Moreover, several courts have found that the PREA, codified at 42 U.S.C. § 15601 et seq., does not create a private cause of action. See, e.g., Simmons v. Solozano, No. 3:14CV-P354-H, 2014 U.S. Dist. LEXIS 129249, at *9 (W.D. Ky. Sept. 16, 2014) (“[T]he PREA creates no private right of action.”); Montgomery v. Harper, No. 5:14CV-P38-R, 2014 U.S. Dist. LEXIS 114727, at *6 (W.D. Ky. Aug. 19, 2014) (same); Chapman v. Willis, No. 7:12-CV-00389, 2013 U.S. Dist. LEXIS 74694, at *11-12 (W.D. Va. May 28, 2013) (“There is no basis in law for a private cause of action to enforce a PREA violation.”); Holloway v.
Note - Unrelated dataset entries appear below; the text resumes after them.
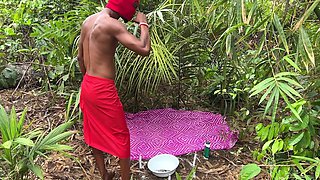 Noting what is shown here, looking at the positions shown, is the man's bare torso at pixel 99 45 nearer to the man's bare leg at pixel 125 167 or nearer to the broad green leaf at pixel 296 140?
the man's bare leg at pixel 125 167

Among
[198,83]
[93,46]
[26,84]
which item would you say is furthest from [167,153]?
[26,84]

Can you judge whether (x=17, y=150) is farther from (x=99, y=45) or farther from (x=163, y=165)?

Dep't of Corr., No. 3:11VCV1290 (VLB), 2013 U.S. Dist. LEXIS 23243, at *5 (D. Conn. Feb. 20, 2013) (“There is nothing in the PREA that suggests that Congress intended it to create a private right of action for inmates to sue prison officials for non-compliance to the Act.”).
For these reasons, the Court will dismiss Plaintiff's individual-capacity claims against Defendants Lanham, Shumate, Payne, and Gibson based on their alleged failure to adequately investigate his PREA complaint for failure to state a claim upon which relief may be granted.
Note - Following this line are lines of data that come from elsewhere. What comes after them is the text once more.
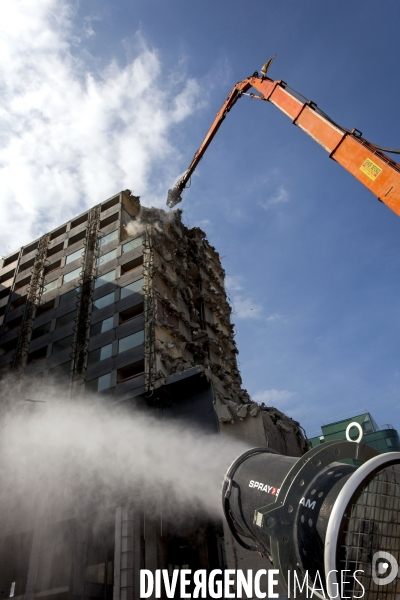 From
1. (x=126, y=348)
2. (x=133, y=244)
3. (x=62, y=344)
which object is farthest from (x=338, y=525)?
(x=62, y=344)

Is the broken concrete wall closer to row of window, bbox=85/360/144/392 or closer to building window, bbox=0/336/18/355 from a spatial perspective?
row of window, bbox=85/360/144/392

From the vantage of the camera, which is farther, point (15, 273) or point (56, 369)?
point (15, 273)

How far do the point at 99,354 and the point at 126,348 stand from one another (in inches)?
103

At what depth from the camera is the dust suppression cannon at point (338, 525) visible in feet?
10.2

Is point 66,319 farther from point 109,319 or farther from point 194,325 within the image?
point 194,325

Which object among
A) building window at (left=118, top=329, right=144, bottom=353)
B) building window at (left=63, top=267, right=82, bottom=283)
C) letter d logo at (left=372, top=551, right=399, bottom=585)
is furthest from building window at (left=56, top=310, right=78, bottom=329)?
letter d logo at (left=372, top=551, right=399, bottom=585)

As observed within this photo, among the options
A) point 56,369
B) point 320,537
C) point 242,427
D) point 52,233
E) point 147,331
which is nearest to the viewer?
→ point 320,537

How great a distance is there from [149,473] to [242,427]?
529 centimetres

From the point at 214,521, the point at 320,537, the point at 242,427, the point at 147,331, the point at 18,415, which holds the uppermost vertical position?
the point at 147,331

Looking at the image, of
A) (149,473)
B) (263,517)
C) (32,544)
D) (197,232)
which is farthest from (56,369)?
(263,517)

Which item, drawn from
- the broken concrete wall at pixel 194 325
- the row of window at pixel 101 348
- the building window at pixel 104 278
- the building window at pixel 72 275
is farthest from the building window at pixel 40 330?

To the extent the Court could construe a separate claim against any of these Defendants based on Plaintiff's allegation that he did not further pursue his PREA complaint against Defendant Casey because he was “scared of retaliation,” a retaliation claim requires “actual injury, rather than a speculative fear of injury[.]” Freeman v. Carraway, No. 5:19CVP150-TBR, 2019 U.S. Dist. LEXIS 202243, at *7 (W.D. Ky. Nov. 21, 2019); Valley Forge Christian College v. Ams. United for Separation of Church & State, 454 U.S. 464, 471 (1982). Here, Plaintiff's speculative fear of retaliation does not state a retaliation claim. See Ely v. Campbell, 8 Fed.Appx. 472, 473 (6th Cir. 2001) (affirming district court's dismissal of retaliation claim where pro se prisoner plaintiff merely speculated that he might be subjected to retaliation). Therefore, Plaintiff's claims based on his fear of retaliation will be dismissed for failure to state a claim upon which relief may be granted.
IV. CONCLUSION
The Court will enter a separate Order dismissing this action for the reasons stated herein.